I am continuously getting this error message even though the file is not empty. The goal is to write a file in codecommit using this syntax.

matteo-prosperi commented 4 years ago

Hello, I think you are missing the -FileContent parameter

jda2004 commented 4 years ago

What do i put in -FileContent, the content of the file? I have a create table DDL in this file. Sould I just copy and paste that content within a single qoute?

matteo-prosperi commented 4 years ago

I think the simplest way to do this is

-FileContent ([System.IO.File]::ReadAllBytes('path to my file'))

-FilePath is the relative path to the file in the repository, not the path to a local file.

I am not familiar with these CodeCommit APIs but, if I read the docs correctly, this API will create one new commit for each file you add. In case you want to add multiple files in the same commit, New-CCCommit should do that.

jda2004 commented 4 years ago

And............... it worked!!!.... thank you @matteo-prosperi You solved my 4 hours of digging in one shot!!!

jda2004 commented 4 years ago

Hi @matteo-prosperi : I like to add little more information in my script. So this is the original syntax pattern from aws Write-CCFile -RepositoryName -BranchName -CommitMessage -Email -FileContent <Byte[]> -FileMode -FilePath -Name -ParentCommitId -Force I was thinking what content to go in FileMode and how to use '-Force' to force commit? Is the '-Name' going to be the destination file name?

matteo-prosperi commented 4 years ago

Hi, I can tell you that -Force is simply the PowerShell common parameter which will bypass the confirmation prompt of this cmdlet. -Force doesn't have any CodeCommit-specific use.

When it comes to the other parameters, have a look at the reference docs here. -Name appears to be "the name of the person adding or updating the file". -FileMode is one of the values of the FileModeTypeEnum (so you can do -FileMode NORMAL).

jda2004 commented 4 years ago

One more :) @matteo-prosperi I am now thinking to put this syntax in an automation tool (WhereScape Red) template that will write the generated load script directly into the codecommit.

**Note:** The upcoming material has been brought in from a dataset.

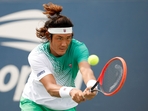 Zhizhen Zhang of China returns a shot(Getty Images via AFP) Zhizhen Zhang of China returns a shot(Getty Images via AFP)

In this case, I need to enable the FileContent to read a variable string. How to do that? For example: -FileContent ([System.IO.File]::ReadAllBytes('$Loadsql'))

matteo-prosperi commented 4 years ago

I am not sure I understand whether you have the file name in a variable or the content of the file in a variable. The former would be

-FileContent ([System.IO.File]::ReadAllBytes($FilePath))

the latter

-FileContent ([System.Text.Encoding]::UTF8.GetBytes($SomeText))
jda2004 commented 4 years ago

Sorry for the confusion on the question, but you answered it with 'the latter' one. And it's working. Thanks for developing this one.